We miss this because we're looking in the wrong places. We're waiting for God in Jerusalem while God is working in Galilee.
And we miss it because the work God is doing in Galilee doesn't look like the work we expect. It doesn't come with press releases or marketing campaigns. It doesn't have a large social media following. It doesn't fit our categories of what successful ministry looks like.
Paul understood this. He told the Corinthians that God's wisdom looks like foolishness to the world. God works through what the world considers weak and foolish to shame what the world considers wise and strong.
This is the same pattern we've been seeing throughout this series. God invited foreign priests to be among the first to worship Jesus. God stepped into the water with sinners. God called fishermen and tax collectors to be disciples. God started Jesus' ministry in Galilee instead of Jerusalem. Over and over, God works in unexpected places through unexpected people in unexpected ways.
And we keep missing it because we're convinced God should work the way we would work. We're convinced God should show up in the center, not the margins. We're convinced God should work through people with credentials, not ordinary people doing ordinary acts of love. We're convinced God should bless what already looks blessed.
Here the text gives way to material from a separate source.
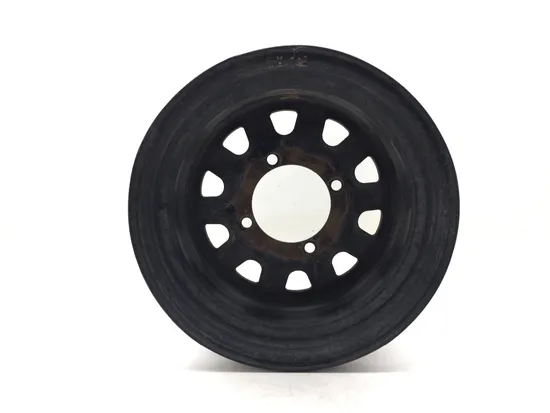 14 Rear Wheel A 2016 Honda Pioneer 1000 SXS1000M3 3166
But that's not how God works. God shows up at kitchen tables where people are caring for aging parents. God shows up in hospital waiting rooms where people are sitting with the grieving. God shows up in workplaces where people are fighting for fair wages for their coworkers. God shows up in neighborhoods where people are organizing to stop displacement and gentrification.
And most of the time, the people doing this work have never been to seminary. They don't have platforms. They don't have large budgets or impressive buildings. They're just ordinary people loving their neighbors, and God is working powerfully through them.
So maybe the question we need to ask isn't "Why isn't God showing up in the places we expect?" Maybe the question is "Why aren't we paying attention to where God is actually working?"
Because God is working. Right now. In your neighborhood, in your city, in the overlooked places and through the overlooked people. The question is whether we're paying attention. The question is whether we're willing to look beyond our Jerusalems and notice what God is doing in Galilee.
Prayer:
God, forgive us for being so focused on where we expect you to work that we miss where you're actually working. Forgive us for waiting for you in Jerusalem while you're in Galilee. Open our eyes to see the kingdom work happening all around us—in basements and community centers, through ordinary people doing extraordinary acts of love. Help us recognize your work even when it doesn't come with press releases or platforms. And help us join what you're already doing instead of waiting for you to show up where we think you should be. Amen.